Willow’s Story

WillowSteps2

This is Willow. Yay!

We recently adopted her through a rescue organization for Boston Terriers.

Willow is what is called a “red Boston” … i.e. a Boston Terrier with a recessive gene that makes her coloring reddish brown in areas where otherwise it would be black or brindled. So most of her coat, and her nose and  lips, are reddish brown. Even her eyes are a lighter brown. Though red Bostons are not AKC-recognized because of their coloration, they are still true Bostons – with that lovable Boston Terrier personality.

Here is Willow’s story, such as we know it.

Willow is 4 years and 8 months old. She spent the first 2 years and 9 months of her life in a puppy mill in Missouri – most likely one where they were trying to create “designer Bostons” – before she was surrendered by the breeder to a dog rescue organization outside of St. Louis. At this point, there is a gap in Willow’s history for almost 2 years.  Then in September, she was  taken in by a breed-specific rescue organization.

We contacted MidAmerica Boston Terrier Rescue about a month ago, looking for a companion for Penny who, understandably,  has been very sad since Abbey’s passing back in July. Our application was circulated amongst the rescued dogs’ foster families so that they could try to find a great match for our household. Willow’s caregiver persuaded me that Willow was the one for us.

Despite her early life experiences – and a few related issues that we are working on – Willow is an amazingly happy dog. She dances and wags her hind end and flaps her ears when she is happy; and when she is really happy, she smiles so enthusiastically that her top lip curls. She will also very gently hold my hand in her mouth and wag her tail. It is very sweet.

Penny and Willow are becoming friends. They are content to lie near each other when they are resting and have worked up to playing chase together several times a day. That is a good start. I am sure that they shall be wonderful for each other in time.
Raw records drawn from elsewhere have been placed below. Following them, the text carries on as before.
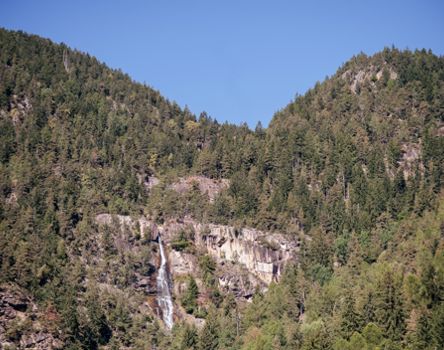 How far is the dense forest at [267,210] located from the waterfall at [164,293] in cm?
363

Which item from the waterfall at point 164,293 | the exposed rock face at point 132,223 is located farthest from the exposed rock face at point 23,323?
the exposed rock face at point 132,223

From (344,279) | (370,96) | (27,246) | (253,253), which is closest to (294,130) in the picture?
(370,96)

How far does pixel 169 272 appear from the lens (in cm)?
16475

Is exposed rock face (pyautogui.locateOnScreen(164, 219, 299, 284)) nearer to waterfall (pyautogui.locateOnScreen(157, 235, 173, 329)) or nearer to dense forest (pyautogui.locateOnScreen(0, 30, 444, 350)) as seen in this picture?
dense forest (pyautogui.locateOnScreen(0, 30, 444, 350))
We’ve had Penny since the day she turned 8 weeks old and Penny grew up with Abbey. So Abbey can’t just be replaced for Penny any more than she can be for us. And Willow needs time to adjust to family life. She does not yet know how to play with toys … something that we are working on. Penny will be a good role-model in that area. Willow has a very hearty appetite, though, and frequently begs for treats … an enterprise for which Penny appreciates having an accomplice.

Well, I need to sign off now. I have some little doggies to pay attention to before I get back to work. Snacks, anyone?

Wishing you a great weekend!

Missing Miss Abbey

Abbey&PennyMisbehavin'

This is a photo that I took a few years ago of Abbey (right) and our then new puppy Penny. This picture makes me smile because I had so very much fun watching the two of them play that day – as I did many, many subsequent days.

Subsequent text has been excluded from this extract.